Inside: Use this Fall Kindness Bucket List Activity to help kids spread kindness throughout the autumn months with easy, kid-friendly activities.
With the end of the hot, lazy days, comes the promise of cool, crisp fall days.
Fall is always a welcome reprieve to the long hot days of summer.
We bust out the sweaters, and eat everything pumpkin spice, and go apple picking so we can attempt to make apple pie.
The leaves change as our kids head back to school to meet up with old friends and make new friends.
It’s hard to not love fall.
We get to celebrate all things Back to School and Halloween and Thanksgiving with these Back to School Kindness Pencil Toppers, Halloween Kindness Notes and Gratitude Pumpkins.
And we can also encourage them to spread kindness to those around them this fall with our Fall Kindness Bucketlist.
Why We Need to Focus on Kindness in the Fall
Some kids know how to be kind. It seems to be innate, and part of their very soul.
But most kids, my kids included, need to be taught how to be kind. Luckily, kindness is a skill we can teach.
In our family, being kind is so essential, kindness is one of our only two family rules.
And speaking and acting with kindness is perfect for fall since our kids are headed back to school around new students.
We celebrate fall and sneak in a little kindness at the same time with our Fall Kindness Challenge and the October Family Volunteering Activity and November Volunteering Activity.
We intentionally teach kindness and Social-Emotional Learning with this Apple Kind or Unkind Sort, Pumpkin Kind or Unkind Sort, and these Kindness Leaves.
And we use this Fall Kindness Bucketlist to work together to help others.
How to Use the Fall Kindness Bucket List:
1. Print and download the Fall Kindness Bucketlist printable (download it below).
2. You can print it in color or in black and white to save on ink.

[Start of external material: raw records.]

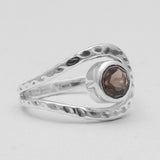 925 Sterling Silver Garnet Rings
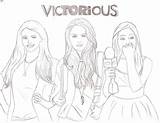 Victorious Coloring Pages To Print  pages sketch template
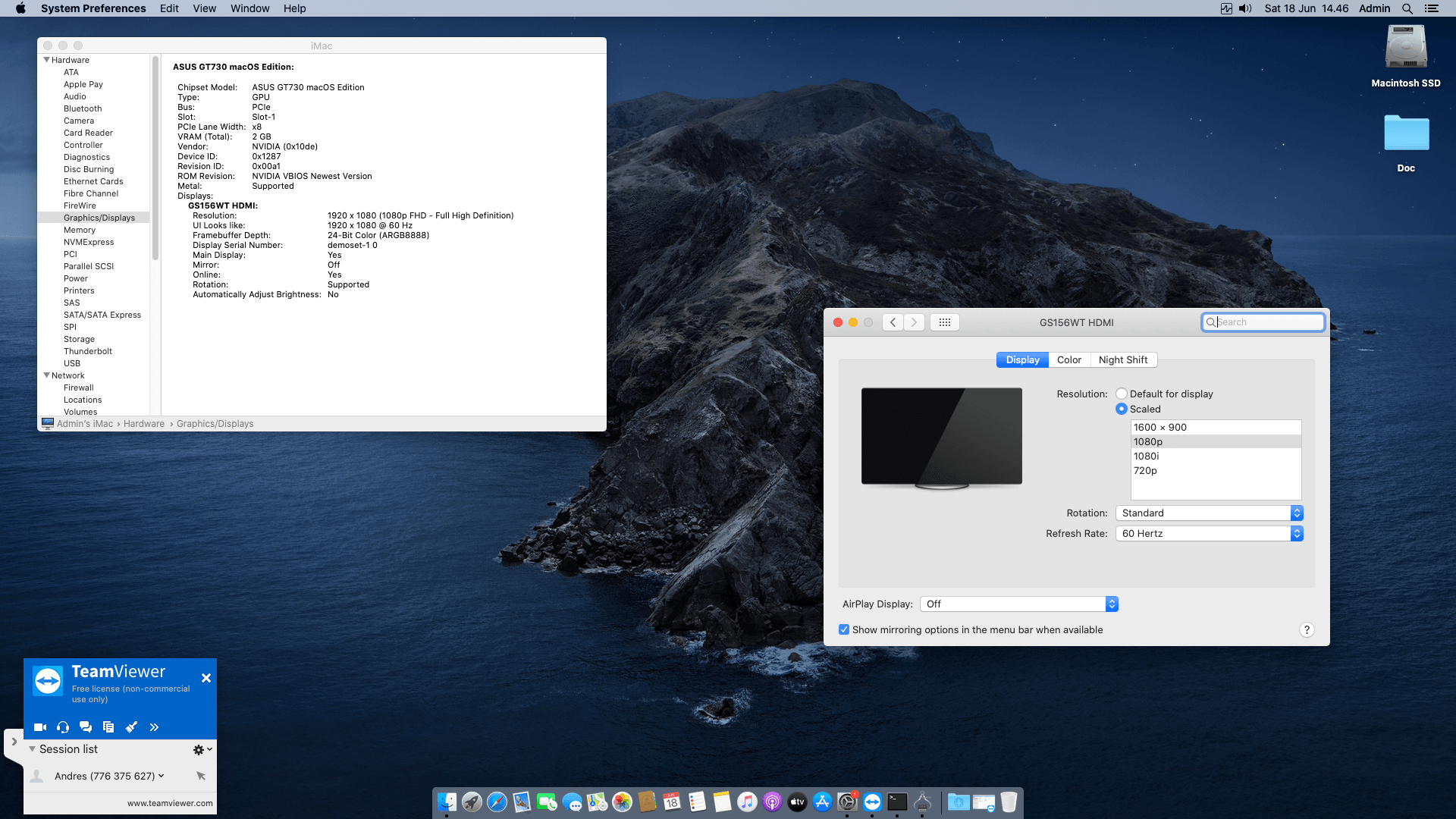 Gigabyte B460M DS3H V2 + Intel Core i7 10700 + ASUS GT 730   OpenCore 4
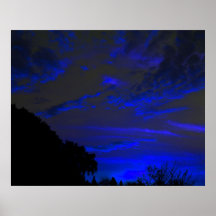 Nubes azules impresiones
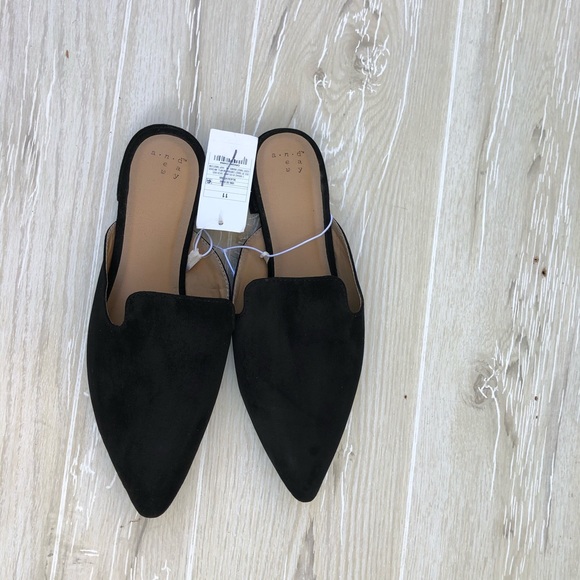 A new Day black mules slip on - Picture 2 of 6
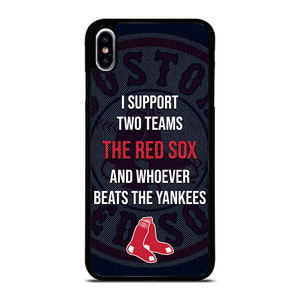 BOSTON RED SOX MLB BASEBALL BANTER FANS 2 iPhone XS Max Case Cover BOSTON RED SOX MLB BASEBALL BANTER FANS 2 iPhone XS Max Case Cover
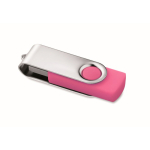 USB personalizable hecho a medida con carcasa de ABS Techmate color fucsia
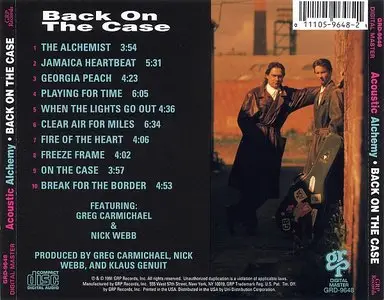 Acoustic Alchemy - Back On The Case (1991) {GRP} [Re-Up]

3. If you’re a parent, you can print one for each of your children or if they’re younger, complete it as a family.
If you’re an educator, print one off for each of your students and challenge them to do each activity before the end of fall.
4. Throughout the fall, challenge them to do one thing off the Fall Bucket list checklist.
And while the original concept of a Bucket List is things you want to do before you “kick the bucket,” you can explain to kids that it’s a list of things we want to do to help fill other people’s buckets.
These books will help explain the concept:
How Full is Your Bucket?– Bucket Filling is a simple metaphor for “filling” people up and improving the lives of the people around us through kind words and actions.
5. They can check off each apple bucket as they complete the kindness activity or color in the bucket when they finish it.
6. To “reward” their kindness when they complete the kindness list, you can eat apples and caramel or apples and honey or go leaf stomping together.
And while we don’t want kids to get into the habit of needing a reward for showing kindness, most kids need a little motivation and positive reinforcement to keep going.
Because these kindness activities, while they seem simple enough, will get our kids into the habit of being kind more often… which will set them up for a much kinder school year.